Not to mention the insurance capital represented by Buffett and Munger's Berkshire Hathaway. There is no doubt that Buffett is a respectable investment guru. But we must also see that behind the fruitful investment performance in the past few decades, the ability to obtain low-cost long-term funds based on insurance is his confidence to "value investment" for decades.
Before the Fed opened the floodgates when other players in the market had to bear extremely high capital acquisition costs, Berkshire Hathaway’s insurance business could not only bring in huge cash flow, but the business itself also had a steady stream of money. Profit can be understood as the "negative cost of capital."
We can also understand why Balao is quite critical of SPAC.
In the past, the low-cost capital advantage that only he could enjoy has been universalized in the current release, and many more aggressive new players are competing for high-quality assets in the market with higher bids than him.
But for us, the opinions of celebrities should not "listen to the wind as the rain." In essence, both the SPAC rejected by Buffett and the convertible bonds that Buffett loves are actually financial instruments.
As long as a financial tool appears, it has its rationality under the background of the times and represents the direction of progress of financial innovation.

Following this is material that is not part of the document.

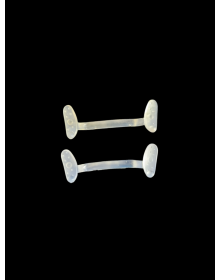 Horlama burun aparatı 2 Adet 1208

Third, the opening up of the primary and secondary markets is a trend, and the integration of VC, PE, and M&A funds will have a future
In recent capital markets, some news has attracted attention. On the one hand, private equity funds represented by Hillhouse are rapidly pre-positioning. From the secondary market to Pre-IPO to the recent establishment of Hillhouse Ventures, it has entered the VC field. Private equity funds with large-scale management are competing with VCs for early projects. Share;
On the other hand, venture capital institutions represented by Sequoia are also entering the secondary market and M&A market. With the increase in management scale and the continuous development of investment projects, it is difficult for simple early investments to carry larger funds. Scale and entering a broader track have become inevitable.

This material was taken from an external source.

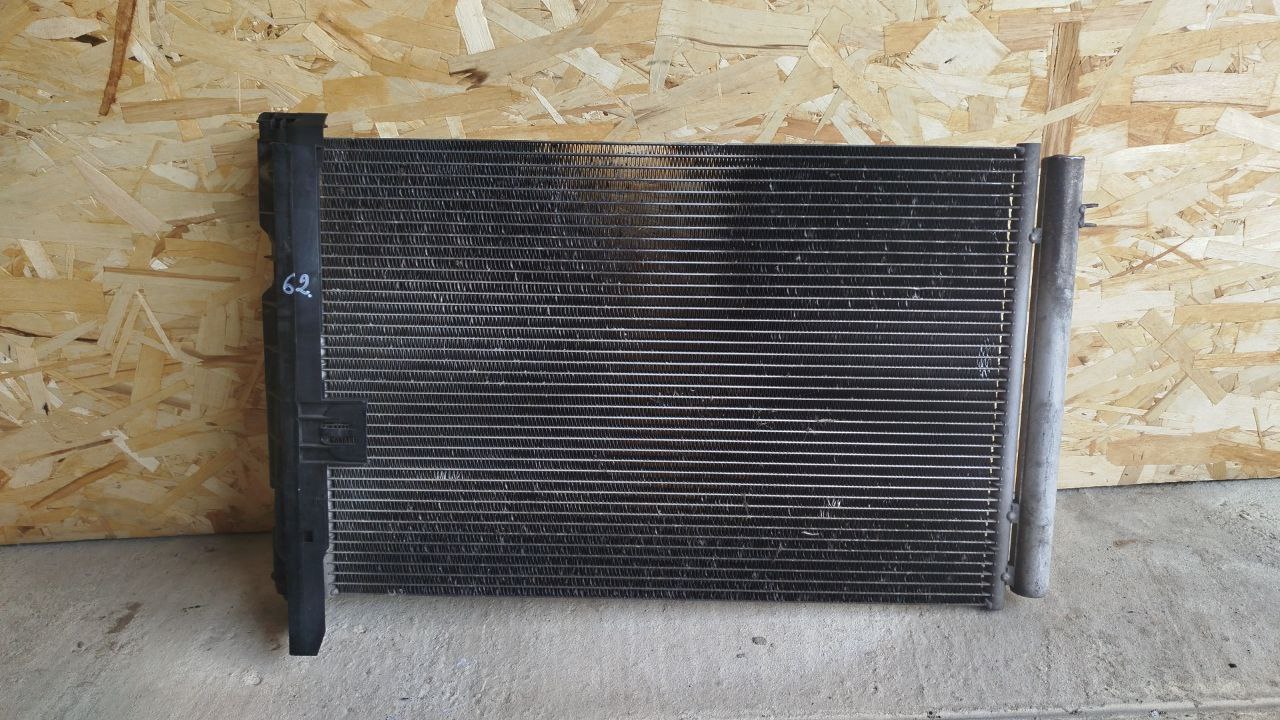 Радиатор кондиционера BMW 3/E90 2004-2013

In our view, SPAC is the last hurdle to break through the primary and secondary markets. Compared with all financial products in the past, SPAC can be compatible with the investment logic of the primary market, the exit channel of the secondary market, and the essence of the operation of M&A funds.
If investors' biggest concern in the primary market in the past was that they could not withdraw from investment, then for SPACs with their own exit channels, exit liquidity is the least worrying issue.
At the same time, for ordinary investors who could only participate in secondary market transactions in the past, SPAC allows them to participate in primary market investment while also taking into account their focus on liquidity, which can be described as killing two birds with one stone.
Of course, what must be said here is that the special model of SPAC is most suitable for the US capital market, which has a high degree of marketization, abundant funds, and a form of supervision that is more important than substance.
Moreover, even in the relatively mature US capital market, SPAC is still in the ascendant. Recently, although the SEC has issued some regulatory policies on SPAC, such as changing the accounting guidelines on warrants from equity to liabilities, issuing risk warnings, and possibly In the future, the merged company will be restricted from displaying unreasonable financial data expectations in the documents, but on the whole, it belongs to the normalization of the market.
In our view, reasonable regulatory actions within expectations will not shake the fundamental logic of SPAC listing, and will only constitute long-term benefits for the market.